FIG. 4 is a schematic view showing an example of a vibration damping device by a cable damping method.

FIG. 5 is a schematic view showing another example of the vibration damping device by the cable vibration damping method.

FIG. 6 is a schematic diagram showing a vibration suppression state of a vibration suppression target modeled as a one-mass system.

FIG. 7 is a schematic diagram showing a damping state of a damping target modeled in a multi-mass system.

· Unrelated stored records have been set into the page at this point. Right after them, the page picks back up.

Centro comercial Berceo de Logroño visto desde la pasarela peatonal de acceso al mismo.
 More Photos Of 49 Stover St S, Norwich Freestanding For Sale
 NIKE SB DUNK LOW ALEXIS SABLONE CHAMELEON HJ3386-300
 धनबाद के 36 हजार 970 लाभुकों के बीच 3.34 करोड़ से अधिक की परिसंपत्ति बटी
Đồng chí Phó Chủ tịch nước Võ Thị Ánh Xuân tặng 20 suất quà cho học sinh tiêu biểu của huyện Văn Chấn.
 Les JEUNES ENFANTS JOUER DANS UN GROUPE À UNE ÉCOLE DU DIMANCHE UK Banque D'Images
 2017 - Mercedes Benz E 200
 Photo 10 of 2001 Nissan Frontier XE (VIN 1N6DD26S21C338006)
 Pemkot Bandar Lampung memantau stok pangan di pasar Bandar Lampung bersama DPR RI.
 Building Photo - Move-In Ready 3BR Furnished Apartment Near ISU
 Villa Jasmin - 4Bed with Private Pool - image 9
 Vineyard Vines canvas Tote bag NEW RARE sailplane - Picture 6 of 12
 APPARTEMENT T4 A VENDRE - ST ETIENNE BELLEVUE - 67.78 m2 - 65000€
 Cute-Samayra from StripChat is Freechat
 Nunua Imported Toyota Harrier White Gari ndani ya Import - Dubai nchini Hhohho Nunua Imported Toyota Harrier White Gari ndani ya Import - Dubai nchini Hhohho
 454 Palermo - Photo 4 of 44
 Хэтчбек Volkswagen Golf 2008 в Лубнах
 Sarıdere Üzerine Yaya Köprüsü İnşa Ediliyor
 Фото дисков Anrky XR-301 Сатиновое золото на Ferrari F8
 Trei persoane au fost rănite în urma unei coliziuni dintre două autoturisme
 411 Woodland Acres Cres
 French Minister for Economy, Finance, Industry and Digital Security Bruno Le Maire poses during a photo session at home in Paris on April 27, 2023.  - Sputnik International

FIG. 8 is an explanatory diagram for explaining a property of a mode vector [U].

[Explanation of symbols]

 50 vibration control target 60 vibration control device

Claims (6)

[Claims] 1. When a vibration control object such as a semi-active type TMD method, a joint vibration control method, a cable vibration control method or a vibration control apparatus of a vibration period adjusting type or a tuning type is used to control a vibration target, vibration is generated and the vibration is terminated. In order to adjust the natural vibration characteristics of the vibration damping device in response to the natural vibration characteristics of the vibration damping object that change from moment to moment, the vibration damping target and the vibration damping device are used. In the vibration equation of the vibration system consisting of, at least the elastic coefficient and the damping coefficient of the damping target are unknowns, and the vibration state of the vibration system is detected by the detecting means a plurality of times in the history, and is composed of two or more vibration equations. A vibration damping method characterized in that a multi-dimensional simultaneous equation is created, a solution of the unknown of the multi-dimensional simultaneous equation is obtained, and a vibration characteristic of the vibration suppression target is identified. 2. The vibration damping method according to claim 1, wherein the mass of the vibration damping target is also an unknown number. 3. The vibration damping method according to claim 1, wherein the simultaneous equations of multiple elements are analyzed by a statistical method such as a least square method. 4. The one-mass system or multi-mass system model of the damping object is modeled.
The damping method according to any one of item 3. 5. A detection value by the detection means for extracting a vibration mode to be suppressed from a plurality of vibration modes that can occur when the vibration suppression target is modeled as a multi-mass system model. 5. The vibration damping method according to claim 4, wherein a bandpass filter that allows detection values in the vicinity of the peak frequency of the vibration mode to be damped to pass through is applied, and the vibration equation is created for the result. . 6. A detection value by the detection means for extracting a vibration mode to be suppressed from a plurality of vibration modes that can occur when the vibration suppression target is modeled as a multi-mass system model. The vibration damping method according to claim 4 or 5, wherein a mode filter that allows a detection value corresponding to the vibration mode to be damped to pass through is applied, and the vibration equation is created for the result.